Director Steven Spielberg said Douglas “retained his movie star charisma right to the end”, while actor Danny DeVito tweeted: “103 years on this earth. That’s got a nice ring to it! Great hanging with you man.”
“Seinfeld” star Jason Alexander praised Douglas as “an absolute legend of a star and human” and added that “we could use a true Spartacus.”
The Academy of Motion Picture Arts and Sciences, which awards the Oscars, tweeted: “Goodbye to a Hollywood legend.”
Not unlike his title character in “Spartacus”, Douglas was known throughout his life for his fiercely rebellious streak.
In his early movie days he would clash with studio heads over his choice of roles, before ultimately splitting off to form his own production company, Bryna – one of the first major post-war stars to do so.
“It was pretty rare then,” Variety senior vice president Tim Gray said. “Kirk Douglas was very stubborn but he wasn’t self-indulgent – he wasn’t a party boy wasting people’s time showing up late, things like that.”
‘End the blacklist’
Douglas also defied more established directors by teaming up with a young Stanley Kubrick for both Paths of Glory and Spartacus.
And on Spartacus, Douglas hired Dalton Trumbo – one of the “Hollywood Ten” blacklisted as a suspected communist under the McCarthy era – to write the screenplay.
Unlike many producers during the time, Douglas refused to hide this fact, instead using Trumbo’s real name in the credits.
Gabrielle Carteris, head of Hollywood’s actors union, Wednesday praised Douglas as “a powerful voice who helped end the blacklist in our industry”, as well as “an “extraordinary actor”.
Nonetheless Douglas missed out on taking home the trophy on each of his three Oscar nominations, the last for his performance in the 1956 film Lust for Life, and never won a competitive Academy Award.
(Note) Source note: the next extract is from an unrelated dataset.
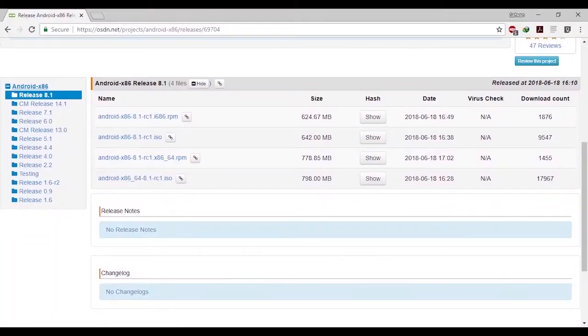Check out the first link in the description — that is the ISO link. Download the Android ISO. There will be two files: 64-bit and 32-bit. Download the 64-bit if you're going for a virtual machine. If you have a 32-bit PC, download the 32-bit. The 32-bit is labeled x86 and the 64-bit is labeled 64 in the filename.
He was instead granted an honorary lifetime achievement statuette by the Academy in 1996 – just months after his stroke – “for 50 years as a creative and moral force in the motion picture community”.
Douglas, born Issur Danielovitch to Jewish-Russian immigrants in upstate New York in 1916, began as a stage actor before serving in the US Navy during the Second World War.
He graduated to movies when “Casablanca” producer Hal Wallis signed him in 1946, and he became a star for his portrayal of a double-crossing and womanising boxer in 1949’s Champion.
His subsequent roles would often mirror his real-world, larger-than-life and intense persona, including Oscar-nominated turns as a ruthless movie producer in The Bad and the Beautiful and tortured artist Vincent Van Gogh in Lust for Life.
Douglas told the New York Times in a 1984 interview that he had “always been attracted to characters who are part scoundrel”, adding: “I don’t find virtue photogenic.”
Life well lived
In his personal life, Douglas married twice, with the second to Anne Buydens in 1954 enduring over 65 years.
Douglas himself would admit to a colorful life as a ladies’ man including affairs in his memoirs, but always carefully controlled his image.
“He was Mr Hollywood, he was always part of the scene – he would always attend functions,” said Gray. “The public saw him as this larger than life actor but he could also be very subtle.”
Douglas is survived by Buydens, 100, and three of his sons. A fourth child, Eric, died of a drug overdose in his 40s, in 2004. His son Michael praised Kirk’s “commitment to justice and the causes he believed in” which “set a standard for all of us to aspire”.
He added: “Kirk’s life was well lived, and he leaves a legacy in film that will endure for generations to come.”